If the shell can’t find a program whose name is the command you typed, it will print an error message such as:
ksks: command not found
ksks : The term 'ks' is not recognized as the name of a cmdlet, function,
script file, or operable program. Check the spelling of the name, or if
a path was included, verify that the path is correct and try again.
ksError: nu::shell::external_command
× External command failed
╭─[entry #1:1:1]
1 │ ks
· ─┬
· ╰── 'ks' was not found
╰────
This might happen if the command was mis-typed or if the program corresponding to that command is not installed.

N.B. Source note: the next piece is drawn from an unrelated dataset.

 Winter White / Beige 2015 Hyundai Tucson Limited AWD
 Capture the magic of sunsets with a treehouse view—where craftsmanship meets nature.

Amara’s Pipeline: A Typical Problem
Amara, a Research Data Analyst at Innovations for Poverty Action (IPA), has just completed data collection for a randomized control trial (RCT) evaluating an educational intervention across 50 schools. She has 1520 household survey CSV files exported from a mobile data collection app, that need to be validated before analysis can begin. Before merging and analyzing the data, she needs to check each file for common data quality issues: missing household IDs, incomplete consent records, and inconsistent column headers.
If Amara chooses to open each file manually to check for these issues, she’ll have to inspect 1520 files one by one. Even if each file takes just 30 seconds to review, the whole process will take more than 12 hours of Amara’s attention—time she could spend on analysis. With the shell, Amara can instead write a validation script that checks all files automatically, flagging only the ones that need attention.
The next few lessons will explore the ways Amara can achieve this. More specifically, the lessons explain how she can:
- Navigate to her survey data directory
- Explore the structure of her CSV files
- Use pipes and filters to inspect file contents
- Write loops to process multiple files
- Create a reusable validation script that works across different shells
As a bonus, once she has built her validation pipeline, she can run it again whenever new survey data arrives—ensuring consistent data quality checks throughout the project.
In order to achieve her task, Amara needs to know how to:
- navigate to a file/directory
- create a file/directory
- inspect file contents and count records
- chain commands together with pipes
- iterate over multiple files with loops
- write and run shell scripts
Key Points
- A shell is a program whose primary purpose is to read commands and run other programs.
- This lesson covers three shells: Bash (common on macOS/Linux), PowerShell (Windows default), and NuShell (cross-platform shell, recommended for teams working across Windows/MacOS/Linux).
- Programs can be run by entering commands at the command-line prompt, though syntax varies slightly between shells.
- The shell’s main advantages are its high action-to-keystroke ratio, its support for automating repetitive tasks, and its capacity to access networked machines.
- A significant challenge when using the shell can be knowing what commands need to be run and how to run them—this lesson provides examples in multiple shells to help.